The George Will Devotional

College students aren't expected to know much about or participate in politics. We've been branded with the stereotype that we're too busy partying and eating pizza to spend time waiting in line to vote. I don't know how accurate this description is--it could very well be right according voter statistics, but the overall disenchantment of all American citizens with the political process is unsettling. At least, for me it is.

That's why I thoroughly enjoyed George Will's forum address to BYU students on Tuesday. It shined a floodlight on the chaos stemming from a government that claims to "knows everything," from the correct price in exchange for pressing pants to the exact wage an immigrant should be making in 2014.

Speaking on "the political argument today," Will masterfully laid out the problems America faces today and in the near future.
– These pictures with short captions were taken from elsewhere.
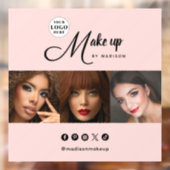 Autocollant Pour Fenêtre Blush Pink Script Logo Photo Makeup Studio (Feuille 2)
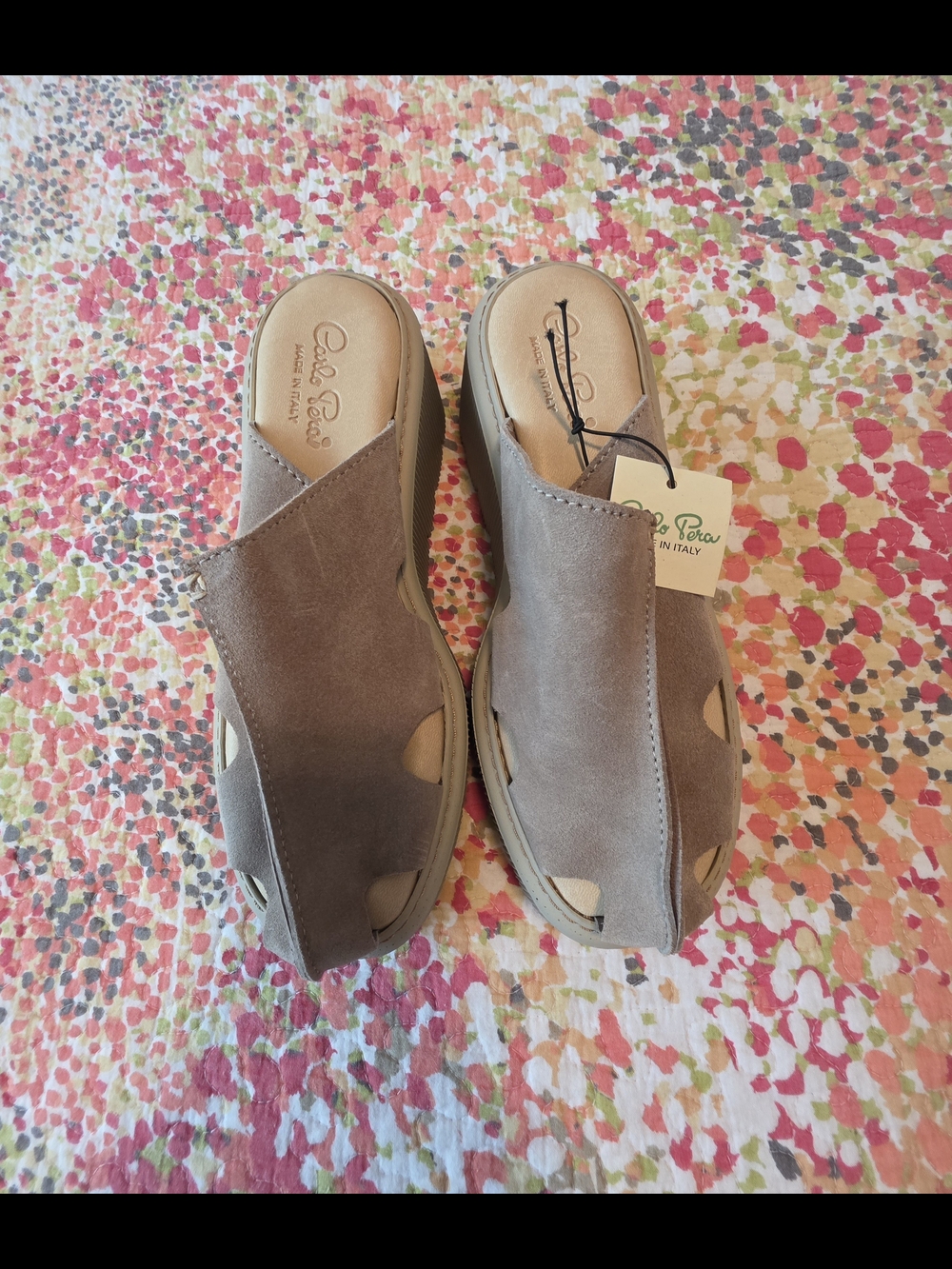 Carlo Pera Taupe Suede Open-Toe Slide Mules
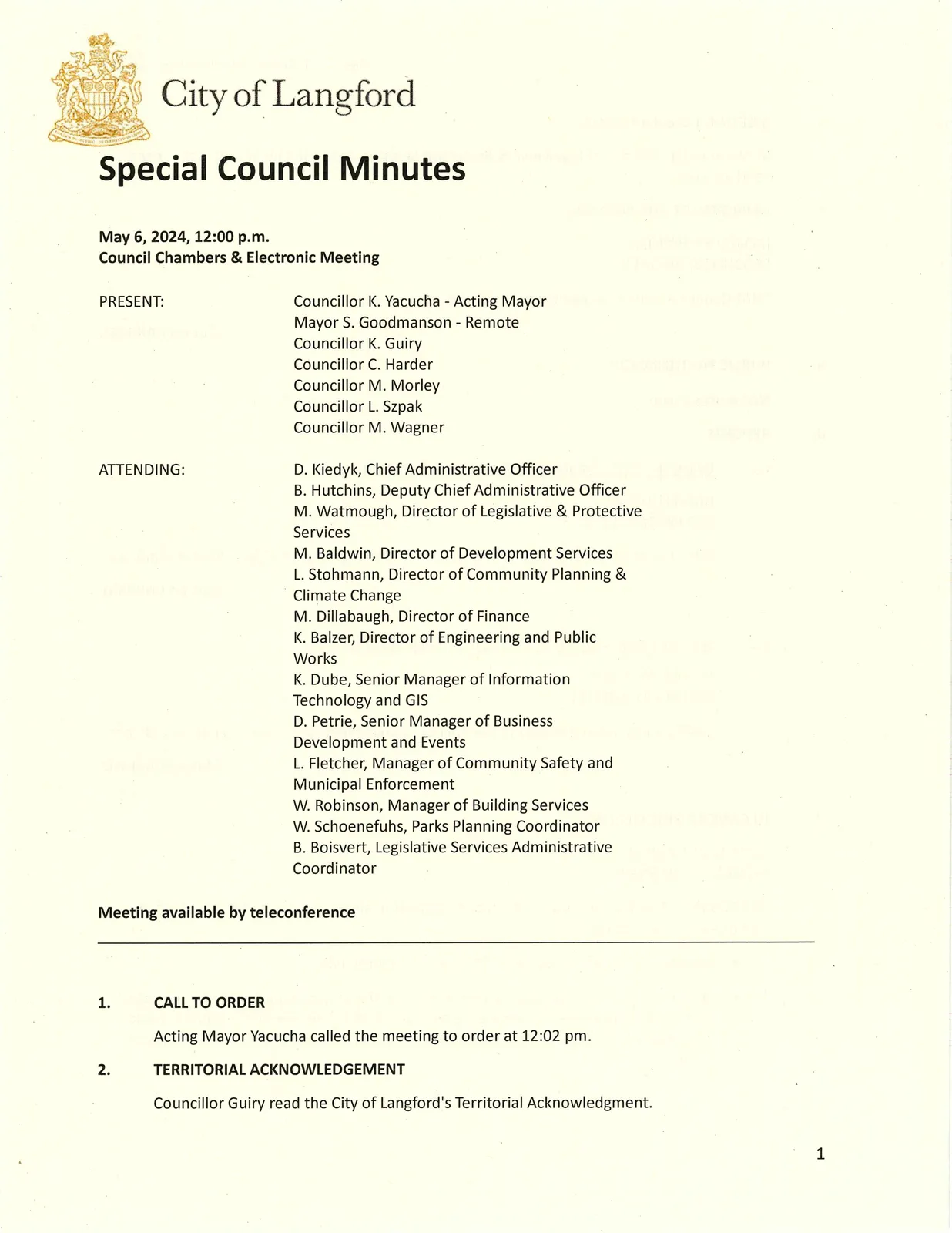 Page 1 — meeting attendance and call to order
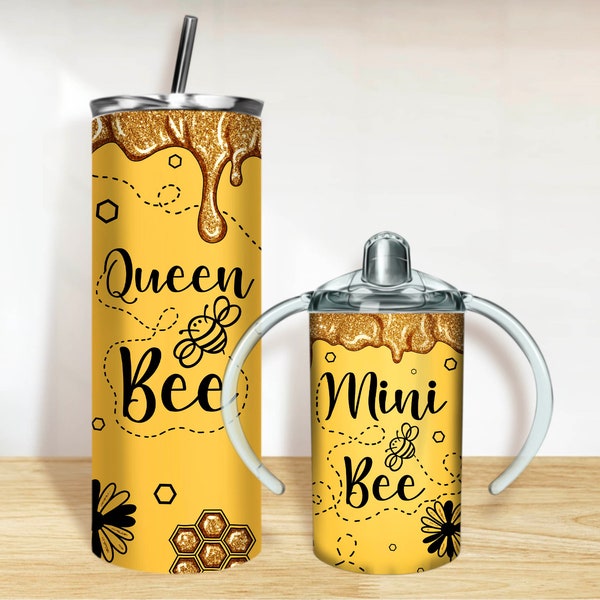 Queen and mini bee Tumbler PNG, 20oz Skinny Tumbler and 12oz Sippy Cup Wrap Png, Queen and mini tumbler set png sublimation design download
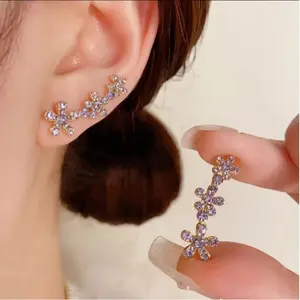 Shiny Super fairy-like purple full-diamond flower earrings, DDES0283 one-piece stud earrings, absolutely beautiful and versatile small flower earrings, 14K Gold-Plated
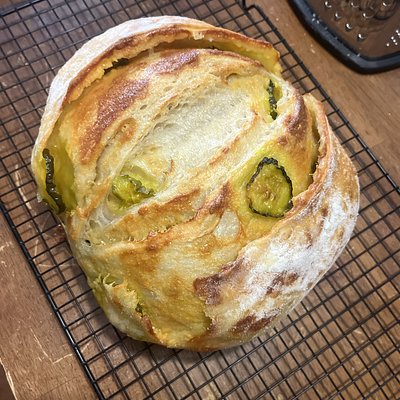 Cheddar and Pickle Sourdough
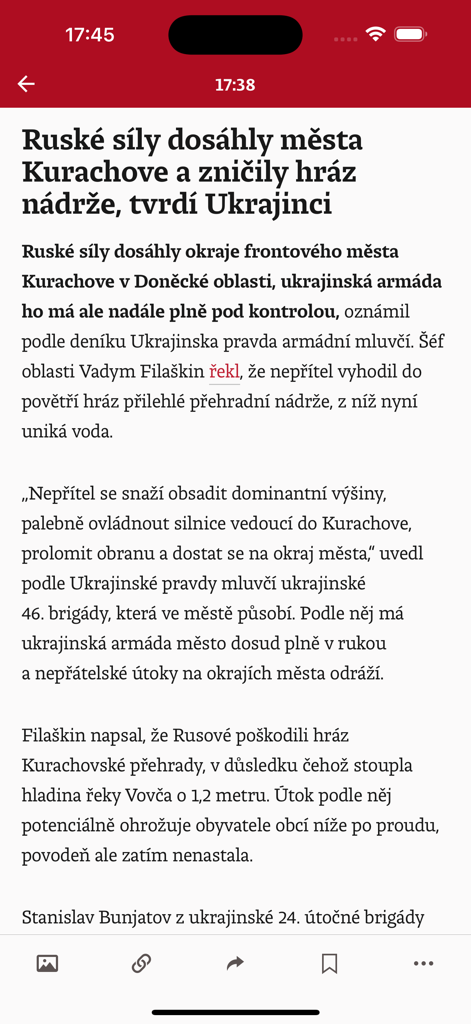 Minuta N app interface showing a news article in Czech with bottom navigation icons.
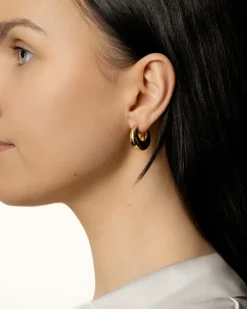 Fashion Forgylte sølvcreoler 20 mm Ørepynt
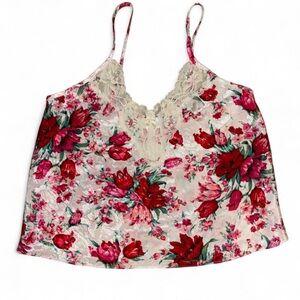 Floral Lace Trim Cami Top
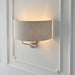 Endon 94403 Highclere 2lt Wall Brushed chrome plate & natural linen 2 x 40W E14 candle (Required) - westbasedirect.com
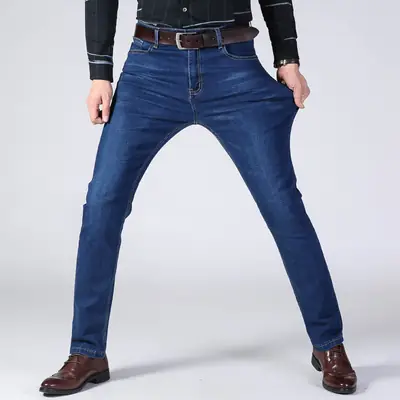 Men Dark Blue Stretch Denim Trousers Large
Whereas America had once borrowed money for the future, the ever expanding government has resorted to borrowing money from the future--funding billion dollar programs like Obamacare and immigration reform on the bill of our grandchildren. Watching with my friends, I felt validity for the similar personal opinions I had recently expressed to them. Now I had more than just Fox News to back me up.

Will later went on to explain the dangers of a government too involved in American's lives by relating the details of an event during the time of Franklin D. Roosevelt. The National Recovery Administration was a chief governmental program of the New Deal. It's goal was to eliminate competition in the market place, with the government setting the "correct" price for goods and services. The program went so far as to prosecute one New York businessman who charged 35 cents for pants pressing, when the NRA believed the service was worth 40 cents. The man was fined $100 and faced three months in jail.

Finishing his lecture, Will emphasized what he called the most crucial verb in the Deceleration of Independence, the word "secure." Government, he said, was to secure the rights naturally endued upon men by their creator. It is not to grant or revoke these God given rights. Unlike Vice President Joe Biden's statement that every achievement within the past decade was in part due to the government, an individual's ability and right to achieve success is granted without the consent or necessity of government.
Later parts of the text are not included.